**Work instruction**
The needed output is the run of lines below from the one containing "Kid’s Garlic Bulb Apron" through the one containing "<p>classroom, where is", copied exactly and free of pictures.

** Record set follows **

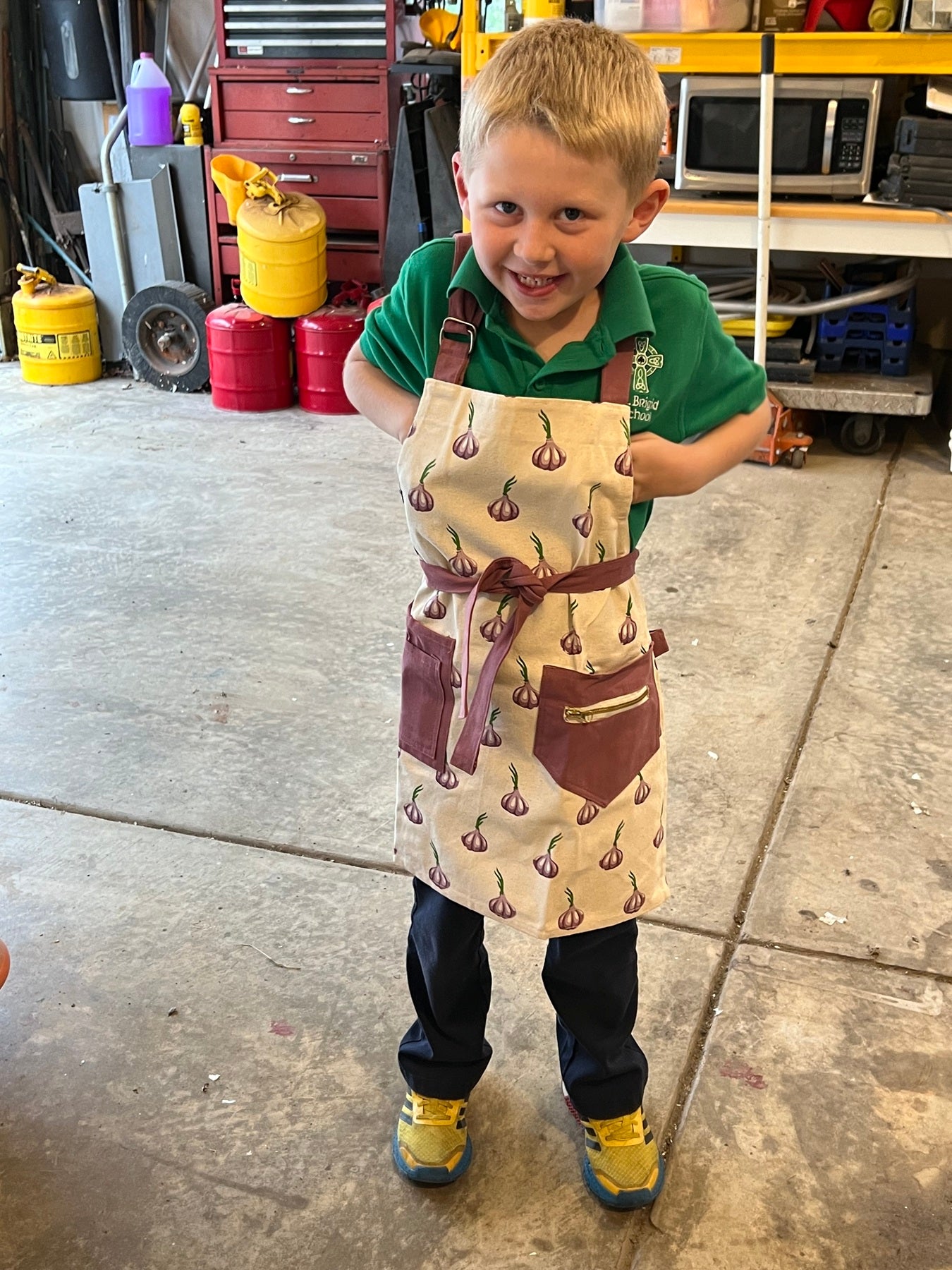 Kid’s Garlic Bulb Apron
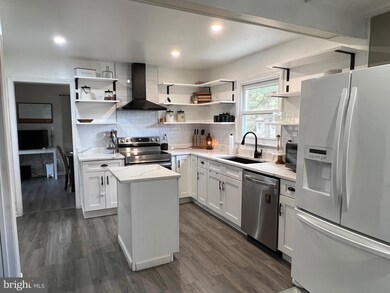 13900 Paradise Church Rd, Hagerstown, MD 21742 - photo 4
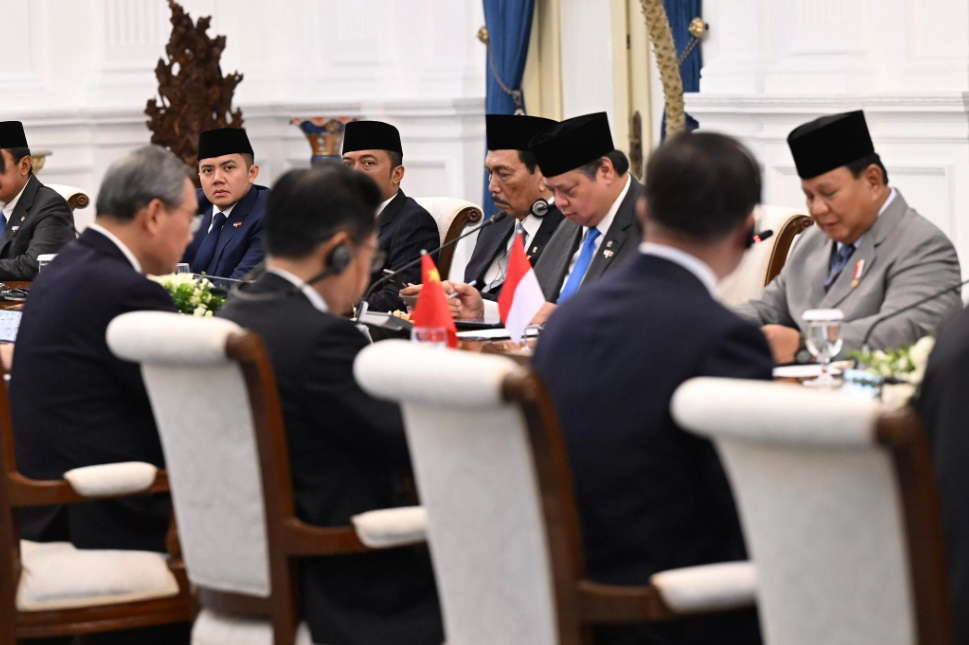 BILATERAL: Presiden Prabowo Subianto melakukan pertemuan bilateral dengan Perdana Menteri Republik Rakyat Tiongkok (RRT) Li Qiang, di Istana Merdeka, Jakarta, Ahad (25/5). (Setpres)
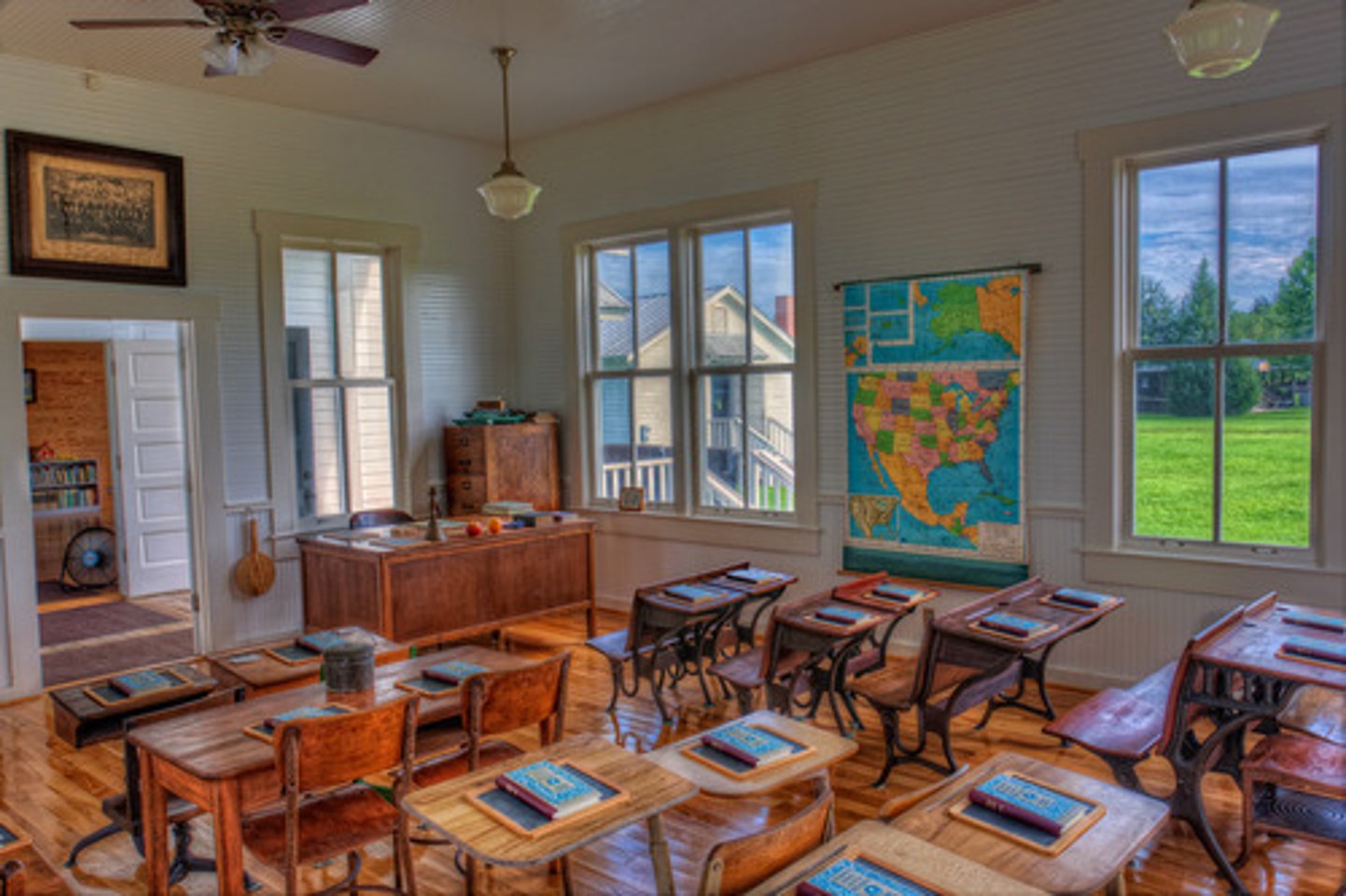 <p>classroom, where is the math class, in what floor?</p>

** End of Record set **
** Record set follows **

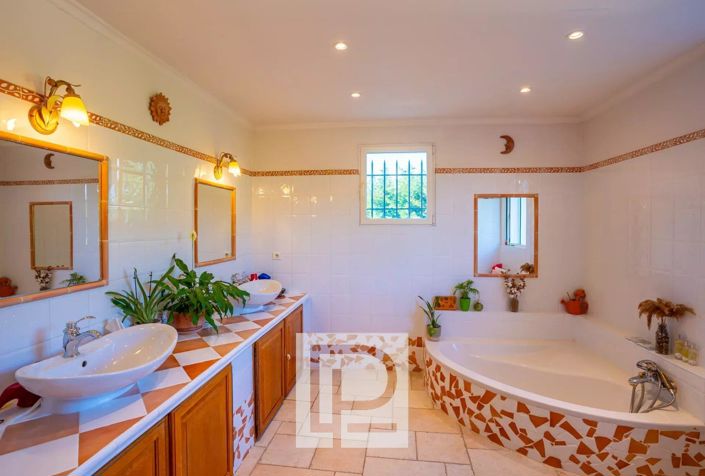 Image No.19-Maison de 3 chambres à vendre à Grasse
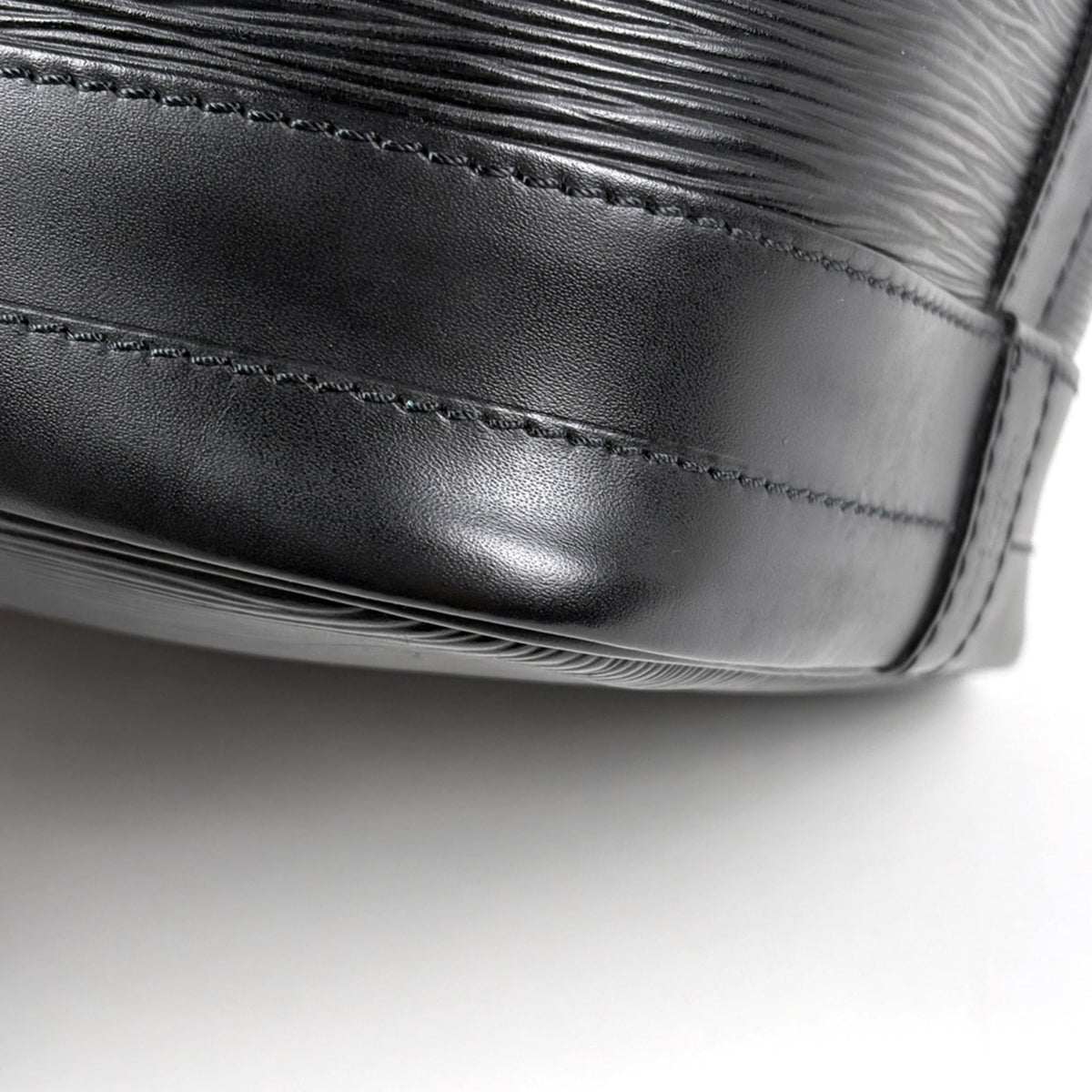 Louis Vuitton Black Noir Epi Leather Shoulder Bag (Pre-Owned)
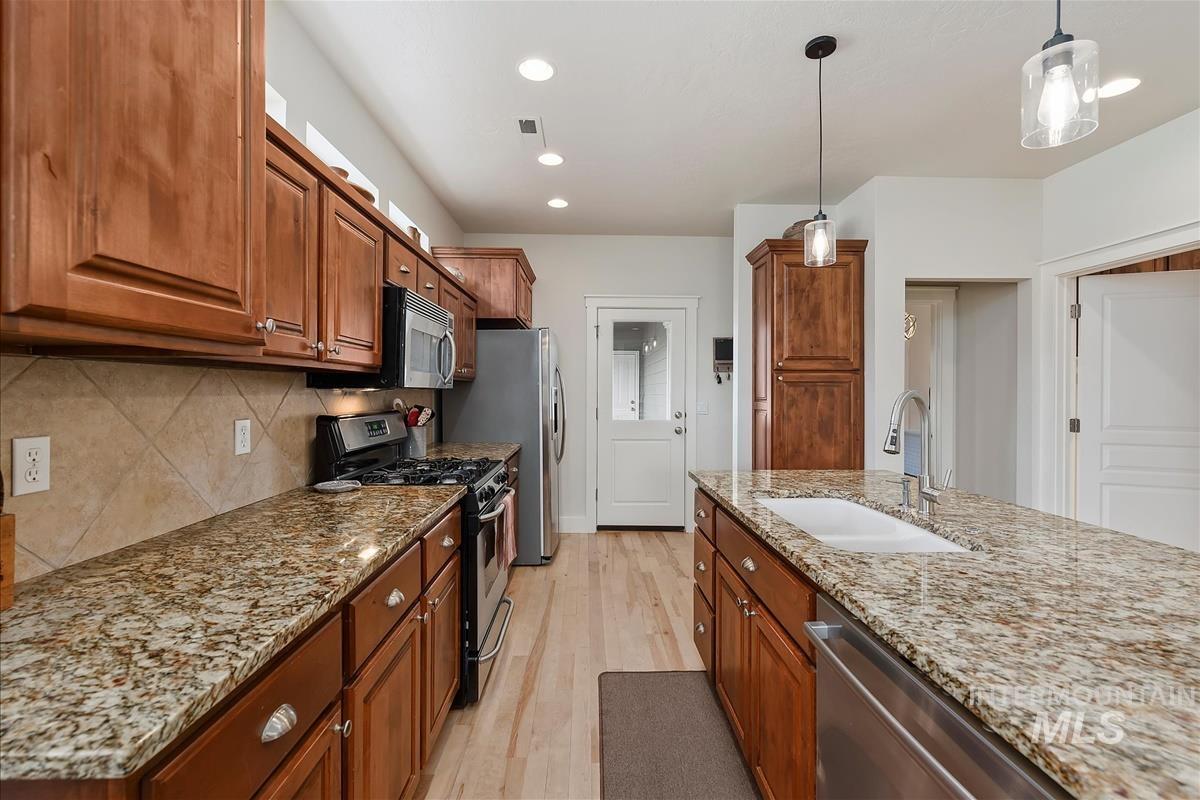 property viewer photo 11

** End of Record set **
** Record set follows **

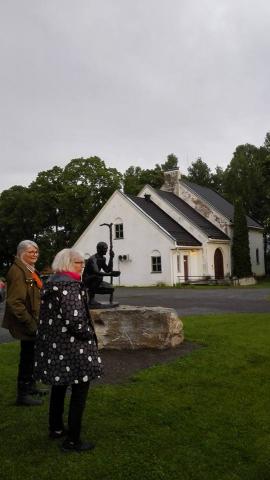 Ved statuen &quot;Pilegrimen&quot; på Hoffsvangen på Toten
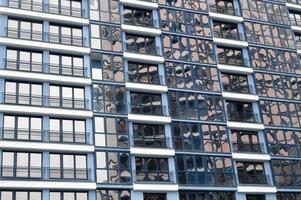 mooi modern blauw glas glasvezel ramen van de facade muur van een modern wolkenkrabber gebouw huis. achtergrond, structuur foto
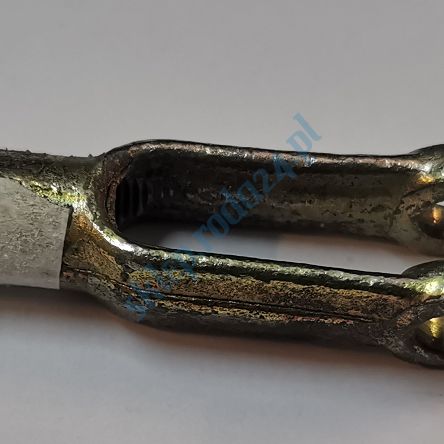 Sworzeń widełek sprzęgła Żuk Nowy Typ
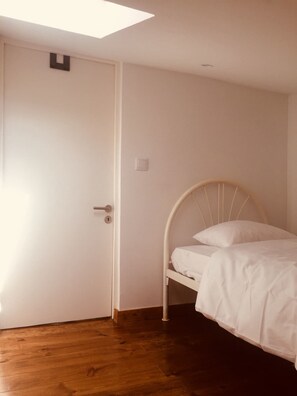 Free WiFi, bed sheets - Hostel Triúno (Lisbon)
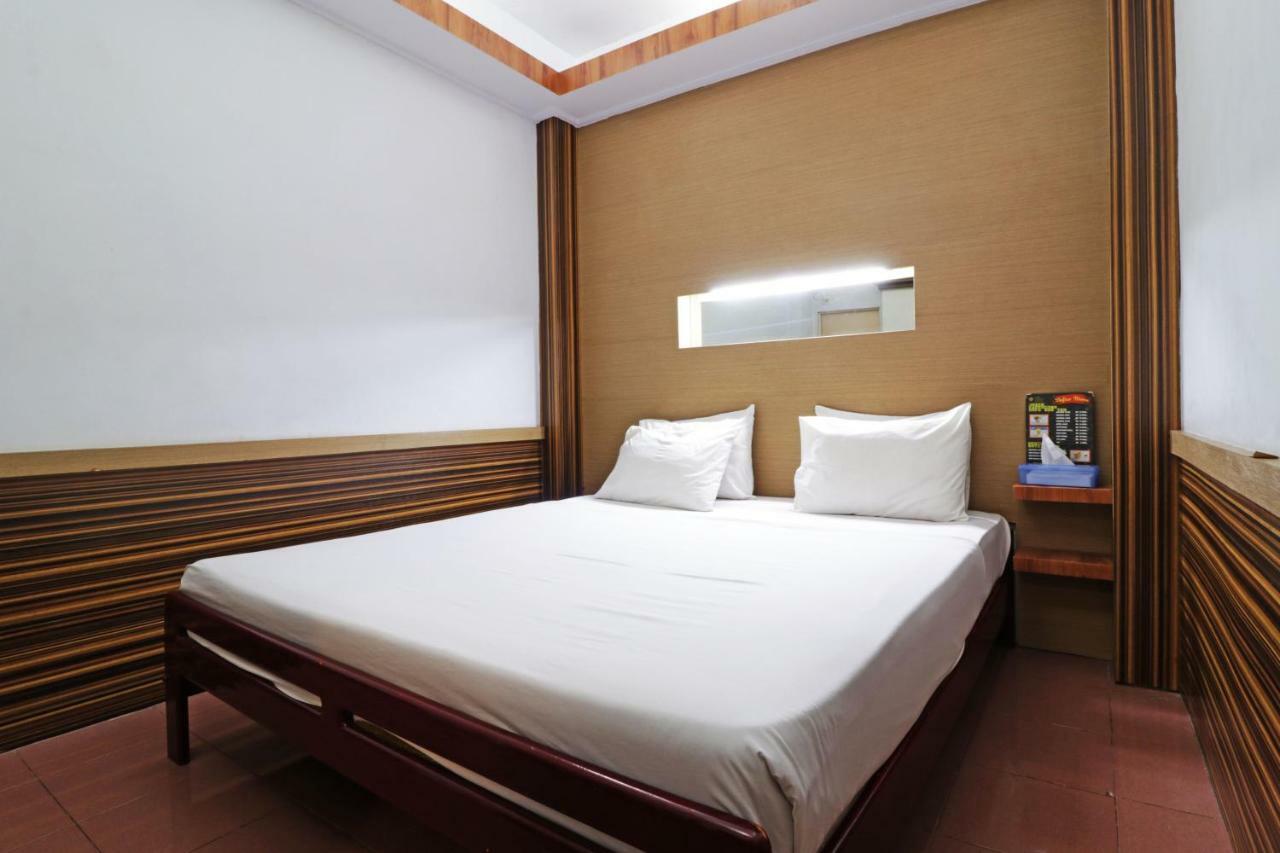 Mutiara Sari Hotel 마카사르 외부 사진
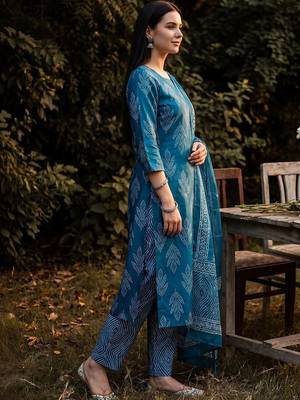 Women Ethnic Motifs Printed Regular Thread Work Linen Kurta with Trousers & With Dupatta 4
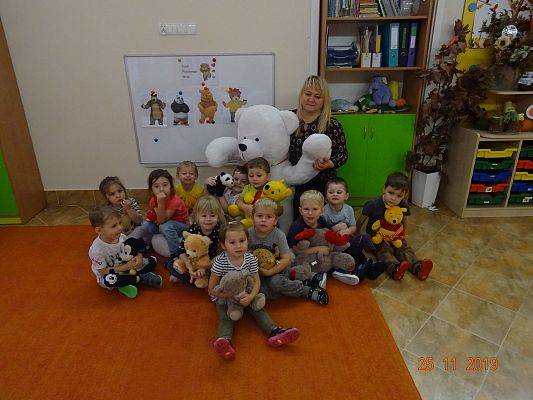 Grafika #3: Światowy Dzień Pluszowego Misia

** End of Record set **

**Final answer**
 Kid’s Garlic Bulb Apron
 13900 Paradise Church Rd, Hagerstown, MD 21742 - photo 4
 BILATERAL: Presiden Prabowo Subianto melakukan pertemuan bilateral dengan Perdana Menteri Republik Rakyat Tiongkok (RRT) Li Qiang, di Istana Merdeka, Jakarta, Ahad (25/5). (Setpres)
 <p>classroom, where is the math class, in what floor?</p>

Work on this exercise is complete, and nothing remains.